Search code examples
pythongraphgremlin

Load csv on Gremlin error "Mapping for code not found"


I am trying to load a csv on Gremlin console. The file just has two columns [code,desc] and almost 6K records. The code (slide 9) used to load the csv is provided as a solution in a similar question.

:install org.apache.commons commons-csv 1.5
import org.apache.commons.csv.CSVFormat
g = TinkerGraph.open().traversal()
fileReader = new FileReader('C:/airports.csv')
records = CSVFormat.RFC4180.withFirstRecordAsHeader().parse(fileReader);[]
records.each{
        code=it.get('code');
        desc=it.get('desc');
        g.V().has('code', code).fold().coalesce(
            unfold(),
            addV('airport').property('code', code).property('desc',desc)
        ).iterate()
}
g.V().count()

And the error that I got is:

Mapping for code not found, expected one of [´╗┐code, desc]

Finally, I want to know if by loading the CSV file on the Gremlin console I will be able to read it in Python, provided I set up the remote connection.

Thank you


Solution

  • The error you are seeing implies the CSV file does not have a header row.

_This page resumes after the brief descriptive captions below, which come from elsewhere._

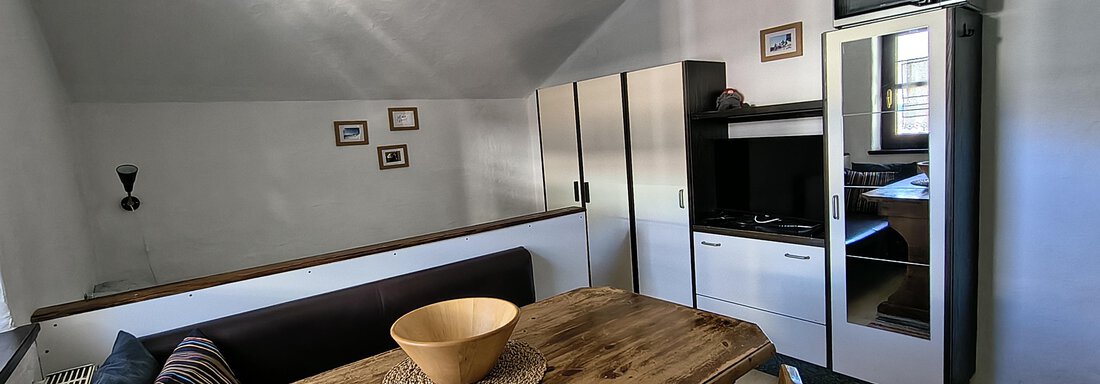 A cozy living kitchen with a wooden table and chairs. On the left side, there is a sofa and a kitchenette. - Gästehaus Hermann Arnold - Sölden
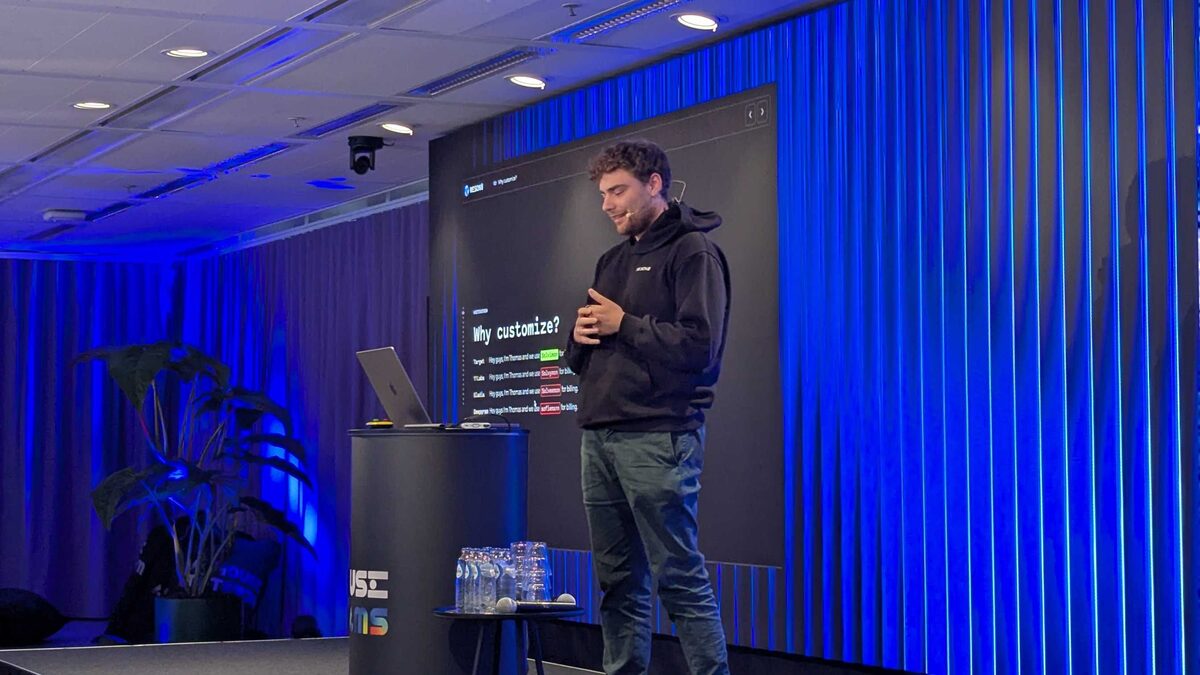Thomas on stage at Voice AI Space — presenting the customization problem with blue stage lighting
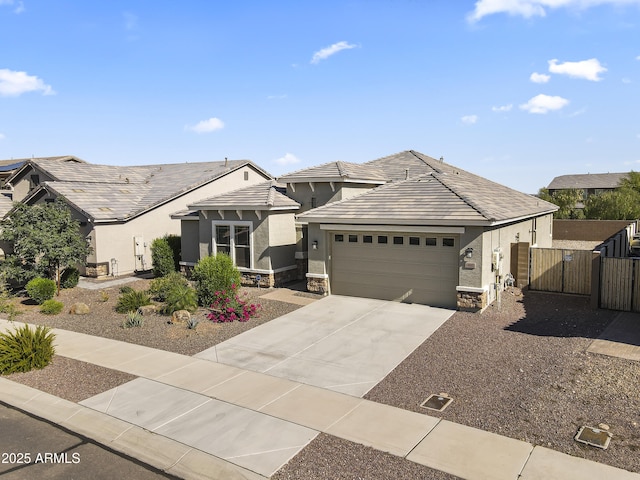 18865 W Mescal St, Surprise, AZ 85388 - view of front of property with a gate, a garage, concrete driveway, stucco siding, and stone siding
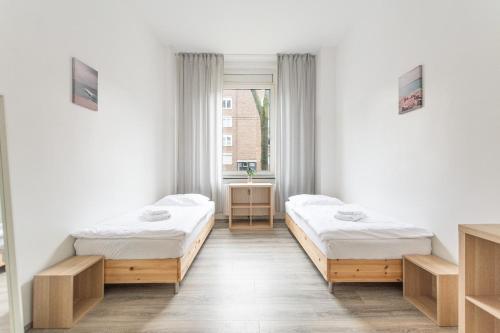 two beds in a room with a window at T&K Apartments - 2 Room Apartment - Ground Floor in Düsseldorf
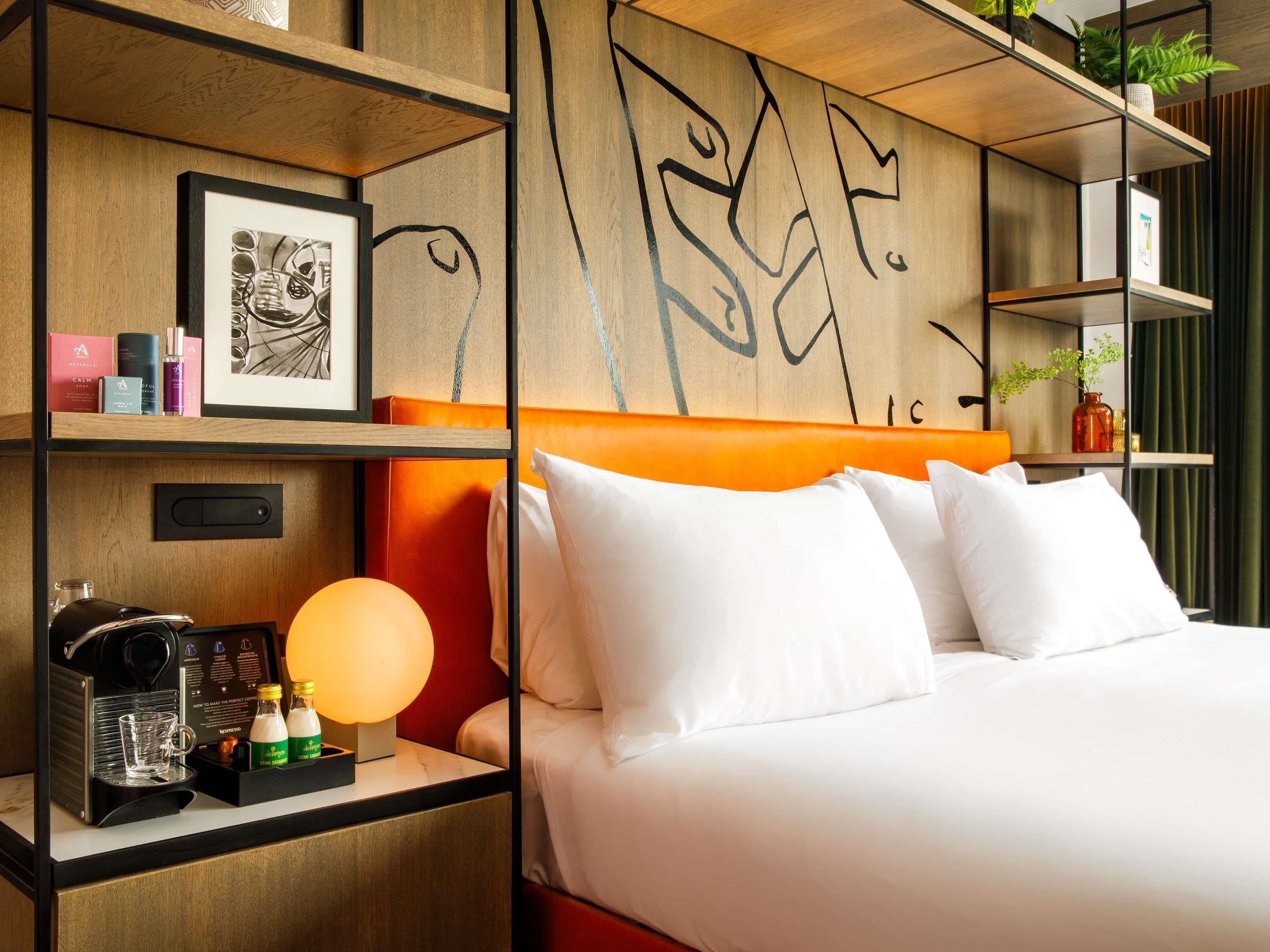 A hotel room with a bed, a nightstand with a coffee machine, a shelf with toiletries, and a wall with abstract drawings.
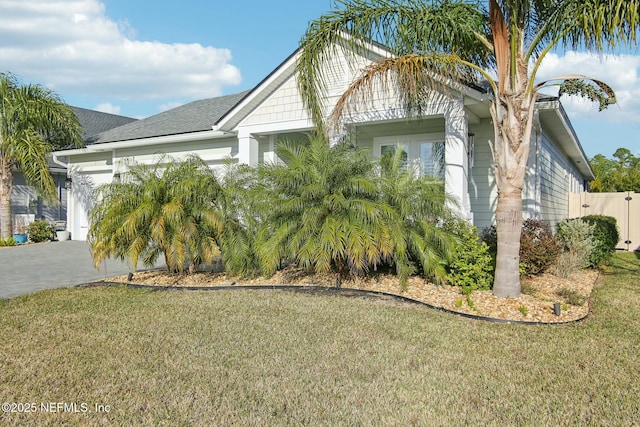 view of front of home with a garage and a front lawn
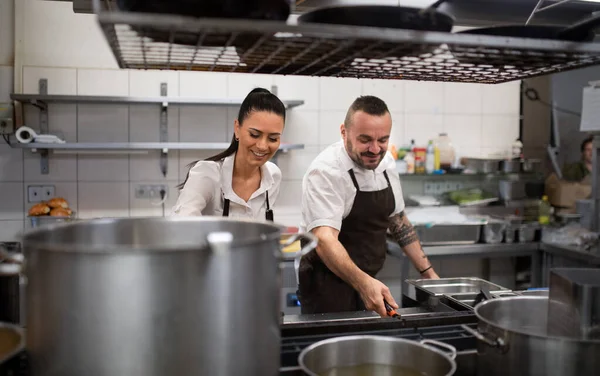 Happy chef and cook working on their dishes indoors in restaurant kitchen. — Stock Photo, Image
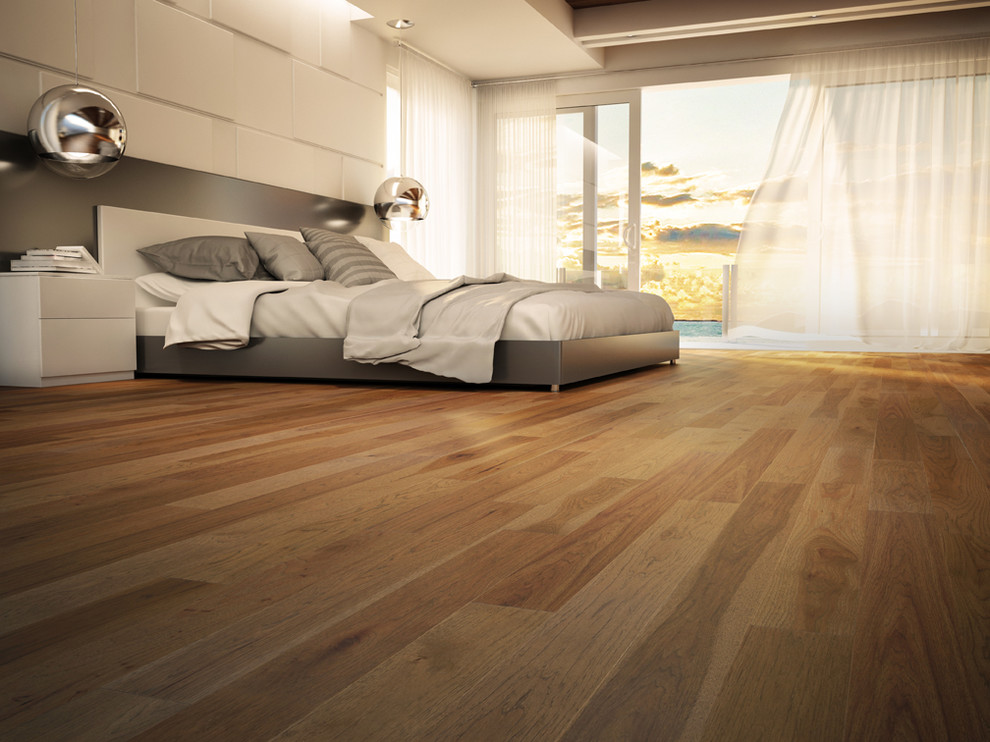 Large beach style master medium tone wood floor and brown floor bedroom photo in Montreal with white walls and no fireplace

Using this test file:

    $ cat airports.csv 
    code,desc
    LHR,"London Heathrow"
    LGW,"London Gatwick"
    DFW,"Dallas Fort Worth"
    

    I was able to read it using

    gremlin> fileReader = new FileReader('airports.csv')
    ==>java.io.FileReader@19c1820d
    gremlin> records = CSVFormat.RFC4180.withFirstRecordAsHeader().parse(fileReader);[]
    gremlin> records.each{
    ......1>         c = it.get('code')
    ......2>         d = it.get('desc')
    ......3>         println(c + " : " + d)
    ......4> }  
    
    LHR : London Heathrow
    LGW : London Gatwick
    DFW : Dallas Fort Worth   
    

    Note that I did not use desc as a variable name. Inside the Gremlin console that will collide with the Order.desc enum.

    Given these building blocks...

    gremlin> fileReader = new FileReader('airports.csv')
    ==>java.io.FileReader@10850d17
    gremlin> records = CSVFormat.RFC4180.withFirstRecordAsHeader().parse(fileReader);[]
    gremlin> records.each{
    ......1>         c=it.get('code');
    ......2>         d=it.get('desc');
    ......3>         println(it)
    ......4>         g.V().has('code', c).fold().coalesce(
    ......5>             unfold(),
    ......6>             addV('airport').property('code',c).property('desc',d)
    ......7>         ).iterate()
    ......8> }
    
    CSVRecord [comment=null, mapping={code=0, desc=1}, recordNumber=1, values=[LHR, London Heathrow]]
    CSVRecord [comment=null, mapping={code=0, desc=1}, recordNumber=2, values=[LGW, London Gatwick]]
    CSVRecord [comment=null, mapping={code=0, desc=1}, recordNumber=3, values=[DFW, Dallas Fort Worth]]
    
    gremlin> g.V().count()
    ==>3
    
    gremlin> g.V().valueMap()
    ==>[code:[LHR],desc:[London Heathrow]]
    ==>[code:[LGW],desc:[London Gatwick]]
    ==>[code:[DFW],desc:[Dallas Fort Worth]]      
    
    

    As to your last question, to read the Graph using Python you will need to run a Gremlin Server and connect to it from the Gremlin Console. After loading the file you can then write a Python script that uses the Gremlin Python client to connect to the Gremlin Server.

    You could also just do it all in Python. Either way you will need a Gremlin Server if you want to use Python to access the graph.